What went wrong? Did we measure out the right chemical concentrations? Is the pH meter broken?
Etc. etc. etc. In other words, they are less likely to conclude that their main theory is incorrect, than to invent hypotheses about why the experiment has given the wrong answer. Notice the irony.

 

G) The very important concept of "experimental controls": When testing medicines, "placebos" are an important kind of control, to test whether apparent effects of some drug might have been the same if the patient had not taken the drug, but only a "sugar pill". That can often happen for psychological reasons. "Sham operated" animals are often used as surgical equivalents of placebos, in the sense of just cutting an animal open, and then sewing him up again, and letting the wound heal. Surgery itself can sometimes simulate the changes expected from removing a particular tissue.

Many experiments have been misinterpreted because the researcher didn't do the right controls, and it used to be a cliché among PhD students that MDs didn't do enough controls. Unfortunately, the word "control" can be misleading. I think it must come from keeping variables constant, like temperature. One speaks of controlling that variable. Other kinds of control include injecting the protein serum albumin, in experimental tests of the effects of some particular protein. This control experiment answers the question "Would other proteins have worked just as well". Sometimes artificial nucleic acids, or DNA isolated from bacteriophages, are used as controls in experiments intended to test whether DNA of a particular gene will cause a certain specific effect.

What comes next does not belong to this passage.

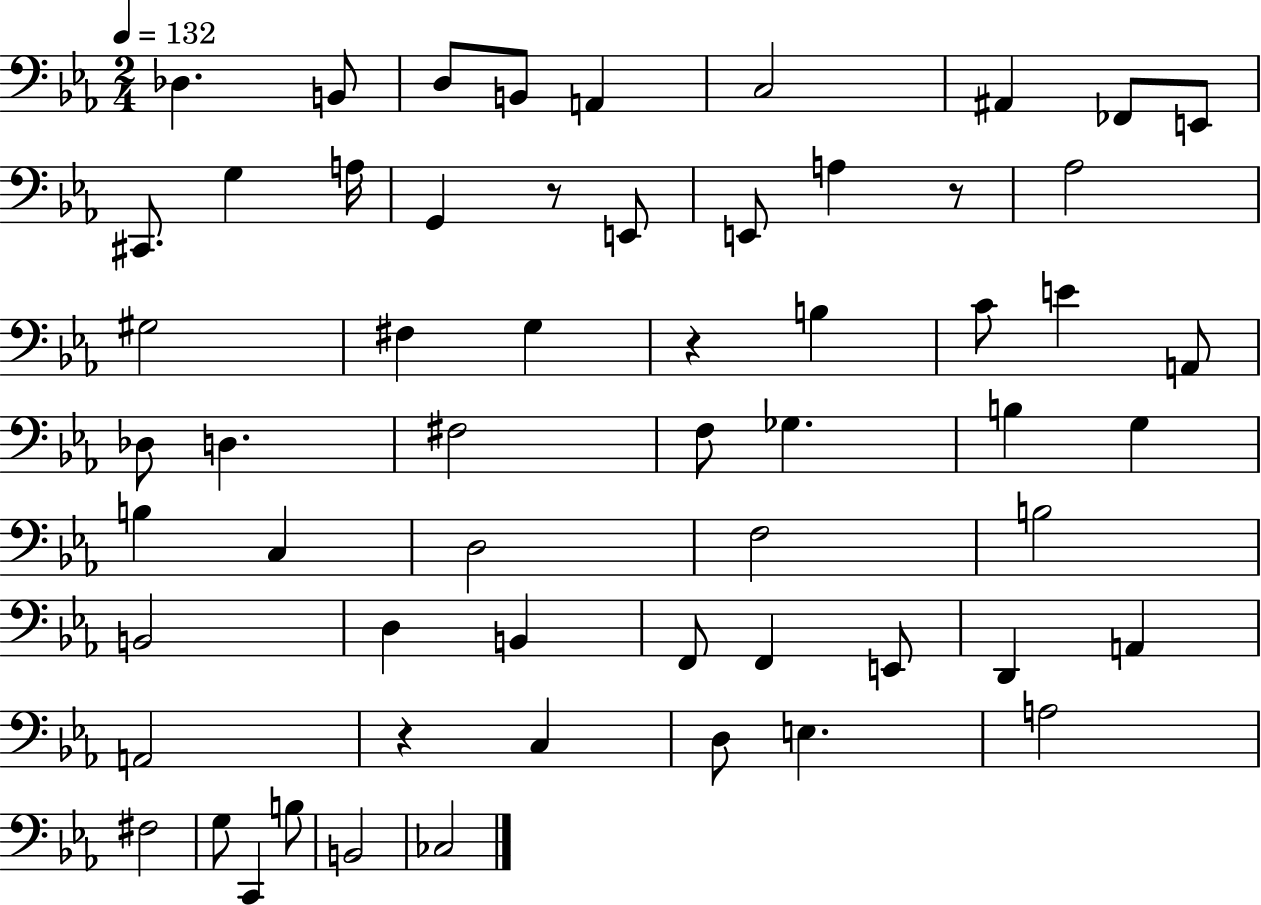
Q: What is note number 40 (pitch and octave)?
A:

A good example of a control that wasn't obvious was when Barbara Danowski (when a student here) treated some cells with microtubule poisons after their cytoskeleton had rearranged in response to tumor promoters. Other scientists had hypothesized that the induced rearrangement of the cytoskeleton might depend on transport of materials along microtubules (for example by dynein). They tested this hypothesis by treating cells with medium that contained microtubule poisons and tumor promoter chemicals; and they discovered that the cytoskeletal rearrangement didn't occur, which seemed to confirm their hypothesis about dynein-like transport. A key part of how Ms. Danowski earned her PhD, and then a professorship, was by testing what will happen if you treat cells with the tumor promoter, let the cytoskeleton get disrupted, and THEN add the microtubule poison. She discovered that the cytoskeleton then goes back to its previous, normal, geometric arrangement it the cells, and that they also become more strongly contractile. This has major implications for the use of microtubule poisons in cancer treatment.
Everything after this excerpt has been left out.